Adam Wainwright is likely done for the year after injuring himself while batting. Max Scherzer is likely going to miss his next start after jamming his thumb while batting. But hey, it was totally worth it. Because when you have a couple of guys who are a combined 117-for-622 for their careers at the plate, you have to have them take their hacks, right?

OK, that’s unfair. Everyone knows that Wainwright and Scherzer aren’t in there for their hitting skills. They’re on the hill every fifth day, when healthy anyway, because they are two of the best pitchers in all of baseball and they play for National League teams. Hell, the two of them could have been a career 0-for-622 and they’d still be on the mound and taking their hacks at the plate precisely because of that. The rules say that in the NL the pitchers bat so that’s what they have to do.

But it sure is a dumb rule. A positively stupid and senseless rule. A rule that, if we were starting anew today, we’d never adopt. But here we are, and there sit Wainwright and Scherzer, lost to their teams, one for a year and one for a little bit, because of the farce that is the National League rule.

Don’t misunderstand me. I am not so naive, sensationalistic and alarmist to say that the NL rule is dumb simply because Adam Wainwright and Max Scherzer got hurt. No, that’s not what I’m saying at all. I appreciate that Wainwright and Scherzer’s injuries — and Chien-Ming Wang’s and any other injury which happened to a pitcher while batting — were freak occurrences. They could’ve happened while they were fielding their positions or messing with frozen hamburger. Two bad instances like this are not, in and of themselves, justifications for scotching the rule even if they are the impetus for thinking about the rule.

No, the NL rule should be scrapped because pitchers can’t hit a lick, there is no rational basis for not having the DH in both leagues and, as such, the risks to NL pitchers while batting, however small, are unacceptable.

As for the first point, we can agree that pitchers can’t hit, right? They’re almost all awful. Even the ones who we laud for being “good hitters” suck. Zack Greinke is usually the first one mentioned. His career line: .214/.263/.325. That’s an OPS+ of 62. That’s worse than Mark Lemke’s career line. It’s roughly the same as Rey Ordonez. It’s only a little bit better than guys like Mario Mendoza and Ray Oyler who are historic punchlines for their futility at the plate.

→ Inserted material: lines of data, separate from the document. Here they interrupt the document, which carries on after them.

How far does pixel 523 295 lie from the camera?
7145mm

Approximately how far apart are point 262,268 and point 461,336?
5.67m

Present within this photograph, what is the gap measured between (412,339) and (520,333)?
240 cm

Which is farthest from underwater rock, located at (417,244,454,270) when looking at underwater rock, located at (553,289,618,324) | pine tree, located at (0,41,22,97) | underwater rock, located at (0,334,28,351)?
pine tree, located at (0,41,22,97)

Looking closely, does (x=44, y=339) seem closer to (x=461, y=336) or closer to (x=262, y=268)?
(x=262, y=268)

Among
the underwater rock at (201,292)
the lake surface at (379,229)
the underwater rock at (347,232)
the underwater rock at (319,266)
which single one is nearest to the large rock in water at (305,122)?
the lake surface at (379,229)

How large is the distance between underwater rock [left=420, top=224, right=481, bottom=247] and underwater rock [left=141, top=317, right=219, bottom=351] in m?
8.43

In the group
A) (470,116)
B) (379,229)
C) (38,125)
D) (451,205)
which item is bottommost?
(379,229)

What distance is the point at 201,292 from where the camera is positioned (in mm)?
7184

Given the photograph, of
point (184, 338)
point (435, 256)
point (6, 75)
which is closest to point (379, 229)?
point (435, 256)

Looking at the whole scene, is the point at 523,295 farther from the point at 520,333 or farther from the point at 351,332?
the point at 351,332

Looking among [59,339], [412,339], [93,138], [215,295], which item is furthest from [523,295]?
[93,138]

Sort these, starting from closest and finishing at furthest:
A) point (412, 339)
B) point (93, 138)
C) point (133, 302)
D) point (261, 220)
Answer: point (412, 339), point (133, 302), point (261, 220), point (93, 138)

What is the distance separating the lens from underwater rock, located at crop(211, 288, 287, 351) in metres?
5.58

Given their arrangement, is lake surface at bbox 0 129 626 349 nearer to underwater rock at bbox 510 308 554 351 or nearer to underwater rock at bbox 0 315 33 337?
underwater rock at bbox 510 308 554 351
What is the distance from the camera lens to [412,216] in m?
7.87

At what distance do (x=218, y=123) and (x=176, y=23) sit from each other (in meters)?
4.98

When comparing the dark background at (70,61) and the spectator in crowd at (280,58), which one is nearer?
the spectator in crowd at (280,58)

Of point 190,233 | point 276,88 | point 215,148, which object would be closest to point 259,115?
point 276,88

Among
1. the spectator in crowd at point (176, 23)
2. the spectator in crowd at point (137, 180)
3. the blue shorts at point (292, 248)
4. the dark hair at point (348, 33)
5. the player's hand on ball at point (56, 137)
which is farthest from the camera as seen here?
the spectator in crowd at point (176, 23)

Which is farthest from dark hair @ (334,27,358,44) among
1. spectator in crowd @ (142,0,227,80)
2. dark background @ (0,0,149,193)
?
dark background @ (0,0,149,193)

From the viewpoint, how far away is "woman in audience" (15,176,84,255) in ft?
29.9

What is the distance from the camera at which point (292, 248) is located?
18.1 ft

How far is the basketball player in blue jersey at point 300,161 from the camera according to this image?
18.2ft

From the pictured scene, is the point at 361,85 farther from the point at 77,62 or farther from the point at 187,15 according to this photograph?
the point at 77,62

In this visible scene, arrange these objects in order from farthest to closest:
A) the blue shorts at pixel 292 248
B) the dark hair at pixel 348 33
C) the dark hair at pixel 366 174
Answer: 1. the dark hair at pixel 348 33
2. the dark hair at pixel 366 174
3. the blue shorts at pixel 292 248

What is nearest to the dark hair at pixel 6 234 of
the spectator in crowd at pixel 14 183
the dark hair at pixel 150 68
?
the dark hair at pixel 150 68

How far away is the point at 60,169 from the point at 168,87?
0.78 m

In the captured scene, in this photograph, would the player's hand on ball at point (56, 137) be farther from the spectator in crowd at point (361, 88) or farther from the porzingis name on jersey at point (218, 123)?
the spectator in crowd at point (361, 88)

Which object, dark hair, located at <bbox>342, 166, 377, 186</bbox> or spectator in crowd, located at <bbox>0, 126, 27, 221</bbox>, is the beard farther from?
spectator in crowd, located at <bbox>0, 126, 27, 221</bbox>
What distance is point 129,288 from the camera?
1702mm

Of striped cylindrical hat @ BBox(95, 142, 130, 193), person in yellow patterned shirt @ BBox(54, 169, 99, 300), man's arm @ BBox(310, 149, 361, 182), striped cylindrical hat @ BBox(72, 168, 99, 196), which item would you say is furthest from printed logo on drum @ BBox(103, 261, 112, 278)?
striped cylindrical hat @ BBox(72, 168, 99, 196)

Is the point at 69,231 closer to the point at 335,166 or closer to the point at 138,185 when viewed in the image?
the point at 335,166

And this is the best we can do with pitchers batting. This is the guy we look at and say “hey, for a pitcher, he’s dangerous!”

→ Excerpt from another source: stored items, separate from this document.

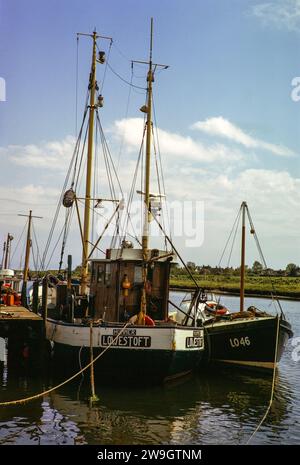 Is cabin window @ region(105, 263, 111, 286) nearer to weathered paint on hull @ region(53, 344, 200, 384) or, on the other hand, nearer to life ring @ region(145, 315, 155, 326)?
life ring @ region(145, 315, 155, 326)

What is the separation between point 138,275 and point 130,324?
2.55 m

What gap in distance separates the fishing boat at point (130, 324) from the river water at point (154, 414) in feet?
2.48

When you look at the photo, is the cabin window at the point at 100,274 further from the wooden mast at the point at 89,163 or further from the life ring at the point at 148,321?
the wooden mast at the point at 89,163

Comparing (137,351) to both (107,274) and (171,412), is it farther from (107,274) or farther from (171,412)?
(107,274)

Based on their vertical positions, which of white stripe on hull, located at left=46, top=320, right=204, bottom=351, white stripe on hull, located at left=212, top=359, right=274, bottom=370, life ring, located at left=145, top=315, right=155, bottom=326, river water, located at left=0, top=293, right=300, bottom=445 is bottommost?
river water, located at left=0, top=293, right=300, bottom=445

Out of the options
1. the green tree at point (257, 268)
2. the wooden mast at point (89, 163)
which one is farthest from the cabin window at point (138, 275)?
the green tree at point (257, 268)

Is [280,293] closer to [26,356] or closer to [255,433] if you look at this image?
[26,356]

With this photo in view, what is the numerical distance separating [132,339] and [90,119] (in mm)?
14128

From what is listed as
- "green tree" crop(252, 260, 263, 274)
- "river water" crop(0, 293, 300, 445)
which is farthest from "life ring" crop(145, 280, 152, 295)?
"green tree" crop(252, 260, 263, 274)

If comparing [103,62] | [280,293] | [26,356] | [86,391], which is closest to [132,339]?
[86,391]

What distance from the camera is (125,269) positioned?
1956cm

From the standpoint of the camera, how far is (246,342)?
21.2m

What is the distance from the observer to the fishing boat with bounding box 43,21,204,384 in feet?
56.1

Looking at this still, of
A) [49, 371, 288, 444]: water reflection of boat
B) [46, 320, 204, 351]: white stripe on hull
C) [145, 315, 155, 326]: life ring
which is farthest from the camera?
[145, 315, 155, 326]: life ring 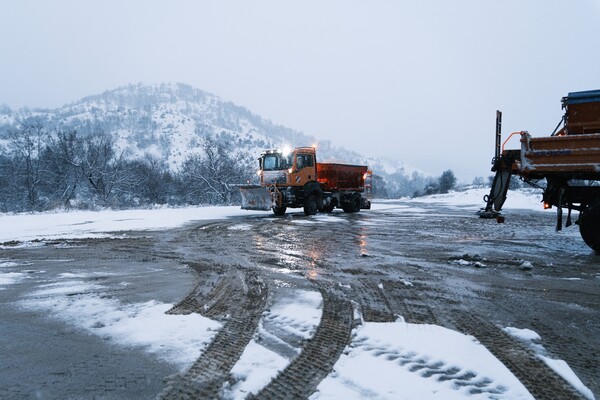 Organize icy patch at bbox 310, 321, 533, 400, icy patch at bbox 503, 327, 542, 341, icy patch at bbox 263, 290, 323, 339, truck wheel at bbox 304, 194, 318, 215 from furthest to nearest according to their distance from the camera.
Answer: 1. truck wheel at bbox 304, 194, 318, 215
2. icy patch at bbox 263, 290, 323, 339
3. icy patch at bbox 503, 327, 542, 341
4. icy patch at bbox 310, 321, 533, 400

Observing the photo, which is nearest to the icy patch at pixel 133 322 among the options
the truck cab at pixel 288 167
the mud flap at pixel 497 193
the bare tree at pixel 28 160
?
the mud flap at pixel 497 193

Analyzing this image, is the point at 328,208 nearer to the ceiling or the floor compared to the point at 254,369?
nearer to the ceiling

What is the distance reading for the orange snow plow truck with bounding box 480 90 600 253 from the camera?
7090mm

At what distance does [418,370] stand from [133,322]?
102 inches

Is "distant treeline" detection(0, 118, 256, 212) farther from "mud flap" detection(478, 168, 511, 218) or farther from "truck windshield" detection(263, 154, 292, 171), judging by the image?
"mud flap" detection(478, 168, 511, 218)

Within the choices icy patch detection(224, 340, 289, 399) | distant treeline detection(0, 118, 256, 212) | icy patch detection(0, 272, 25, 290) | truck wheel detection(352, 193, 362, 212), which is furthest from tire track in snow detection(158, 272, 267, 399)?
distant treeline detection(0, 118, 256, 212)

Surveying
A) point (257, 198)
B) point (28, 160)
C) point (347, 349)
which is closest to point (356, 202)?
point (257, 198)

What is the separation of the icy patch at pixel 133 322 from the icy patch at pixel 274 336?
0.42m

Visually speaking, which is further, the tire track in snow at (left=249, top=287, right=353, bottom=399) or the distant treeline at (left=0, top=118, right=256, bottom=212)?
the distant treeline at (left=0, top=118, right=256, bottom=212)

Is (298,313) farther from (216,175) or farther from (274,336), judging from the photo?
(216,175)

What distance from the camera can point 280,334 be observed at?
334 cm

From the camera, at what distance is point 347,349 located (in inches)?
119

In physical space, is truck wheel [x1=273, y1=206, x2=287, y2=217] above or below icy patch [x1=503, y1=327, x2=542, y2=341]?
above

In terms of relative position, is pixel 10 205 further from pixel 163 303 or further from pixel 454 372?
pixel 454 372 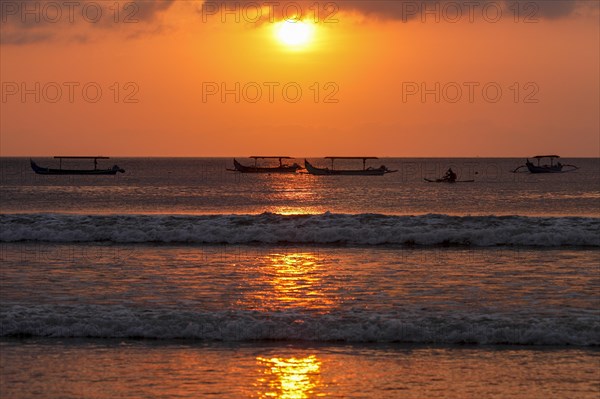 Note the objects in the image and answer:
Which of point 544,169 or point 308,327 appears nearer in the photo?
point 308,327

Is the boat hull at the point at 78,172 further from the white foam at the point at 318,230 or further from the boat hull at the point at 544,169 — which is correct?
the white foam at the point at 318,230

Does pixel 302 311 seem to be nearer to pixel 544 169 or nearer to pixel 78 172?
pixel 78 172

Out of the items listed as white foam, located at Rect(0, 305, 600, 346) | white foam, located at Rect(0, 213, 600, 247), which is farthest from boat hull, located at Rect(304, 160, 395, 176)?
white foam, located at Rect(0, 305, 600, 346)

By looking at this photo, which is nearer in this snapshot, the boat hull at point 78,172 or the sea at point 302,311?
the sea at point 302,311

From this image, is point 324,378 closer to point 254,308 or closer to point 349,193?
point 254,308

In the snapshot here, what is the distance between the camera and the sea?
1636cm

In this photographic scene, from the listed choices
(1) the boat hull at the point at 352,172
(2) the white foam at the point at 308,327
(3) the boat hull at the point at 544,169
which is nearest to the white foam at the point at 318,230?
(2) the white foam at the point at 308,327

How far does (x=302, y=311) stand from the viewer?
2192cm

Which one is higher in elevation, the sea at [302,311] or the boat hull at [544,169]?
the boat hull at [544,169]

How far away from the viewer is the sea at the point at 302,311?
644 inches

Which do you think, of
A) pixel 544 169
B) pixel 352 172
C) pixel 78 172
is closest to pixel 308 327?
pixel 352 172

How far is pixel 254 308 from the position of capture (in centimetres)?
2238

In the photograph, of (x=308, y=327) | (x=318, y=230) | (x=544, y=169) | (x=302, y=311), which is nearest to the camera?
(x=308, y=327)

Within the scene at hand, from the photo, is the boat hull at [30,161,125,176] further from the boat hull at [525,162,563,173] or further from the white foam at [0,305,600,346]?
the white foam at [0,305,600,346] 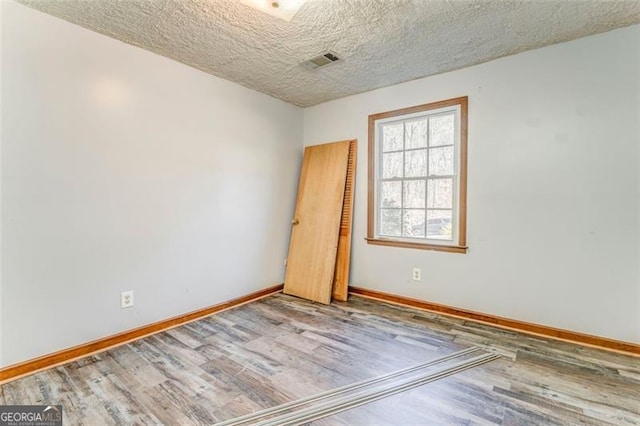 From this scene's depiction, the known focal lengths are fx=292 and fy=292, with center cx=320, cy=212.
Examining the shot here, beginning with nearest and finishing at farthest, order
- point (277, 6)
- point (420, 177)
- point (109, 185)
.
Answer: point (277, 6), point (109, 185), point (420, 177)

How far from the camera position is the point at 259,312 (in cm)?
302

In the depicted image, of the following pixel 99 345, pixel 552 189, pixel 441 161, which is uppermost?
pixel 441 161

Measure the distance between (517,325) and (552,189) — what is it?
1.22m

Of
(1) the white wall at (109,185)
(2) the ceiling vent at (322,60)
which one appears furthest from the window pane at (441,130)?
(1) the white wall at (109,185)

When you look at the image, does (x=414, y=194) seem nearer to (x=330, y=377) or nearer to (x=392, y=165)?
(x=392, y=165)

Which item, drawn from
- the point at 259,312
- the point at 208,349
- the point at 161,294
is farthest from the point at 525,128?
the point at 161,294

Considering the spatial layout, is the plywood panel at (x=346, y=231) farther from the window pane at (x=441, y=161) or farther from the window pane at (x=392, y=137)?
the window pane at (x=441, y=161)

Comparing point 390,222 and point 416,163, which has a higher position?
point 416,163

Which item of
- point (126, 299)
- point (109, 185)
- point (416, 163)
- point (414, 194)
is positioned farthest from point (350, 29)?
point (126, 299)

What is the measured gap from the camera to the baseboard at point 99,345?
1.87 metres

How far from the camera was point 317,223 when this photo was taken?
362 cm

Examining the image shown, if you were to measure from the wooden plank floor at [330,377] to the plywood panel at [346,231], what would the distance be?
0.79 m

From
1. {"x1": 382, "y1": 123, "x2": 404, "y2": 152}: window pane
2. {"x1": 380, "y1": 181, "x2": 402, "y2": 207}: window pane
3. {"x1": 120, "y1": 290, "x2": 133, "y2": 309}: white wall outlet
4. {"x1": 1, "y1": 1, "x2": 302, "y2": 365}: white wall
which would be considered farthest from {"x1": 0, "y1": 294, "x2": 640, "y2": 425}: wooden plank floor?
{"x1": 382, "y1": 123, "x2": 404, "y2": 152}: window pane

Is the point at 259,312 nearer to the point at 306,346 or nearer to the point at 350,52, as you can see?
the point at 306,346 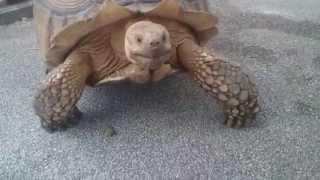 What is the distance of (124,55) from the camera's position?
181cm

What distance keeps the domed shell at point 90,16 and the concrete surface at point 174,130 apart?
294mm

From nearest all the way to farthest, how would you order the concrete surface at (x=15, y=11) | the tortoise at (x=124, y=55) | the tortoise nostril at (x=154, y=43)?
the tortoise nostril at (x=154, y=43) → the tortoise at (x=124, y=55) → the concrete surface at (x=15, y=11)

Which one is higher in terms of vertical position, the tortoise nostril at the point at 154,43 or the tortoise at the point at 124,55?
the tortoise nostril at the point at 154,43

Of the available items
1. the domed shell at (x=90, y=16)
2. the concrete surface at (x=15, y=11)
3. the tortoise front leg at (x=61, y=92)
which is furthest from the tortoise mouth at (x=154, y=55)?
the concrete surface at (x=15, y=11)

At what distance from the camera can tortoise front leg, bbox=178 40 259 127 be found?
177 centimetres

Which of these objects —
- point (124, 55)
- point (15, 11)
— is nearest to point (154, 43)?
point (124, 55)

So, why do they bat? Because they’ve always batted. Because that’s what they did for the first 100 years of the game in both leagues and have continued to do so in the NL. It’s the American League rule and the designated hitter which are somehow unnatural. Which are aberrations. Which are abominations, even.

I actually like that my friend Chris used that term — “abomination” — by the way, because it gives up the whole game for most anti-DH people. The word “abomination” is a religious term. And adherence to pitchers batting is more religion than it is reason. Based on beliefs, history and faith rather than reason and objective evidence. People who like pitchers batting tend to lean heavily on the idea that they did back when the game was invented. As if baseball, its setting and its rules as they were in the 19th century were given to us by Jehovah Himself, carved into stone, infallible. Every bit as infallible as all of the other rules of baseball which always have and always remain inviolate. You know, like the one that put the pitching rubber 45 feet from home plate and the one in which a baserunner is out if you throw the ball at him and hit him. Rules which are every bit a part of the original essence of the game as nine players facing off against nine players with nary a tenth to be seen.

“OK, so maybe the rules do change over time when it makes sense to do so,” my pro-NL rule friends may say, “but not in such a gimmicky way as we see with the DH.”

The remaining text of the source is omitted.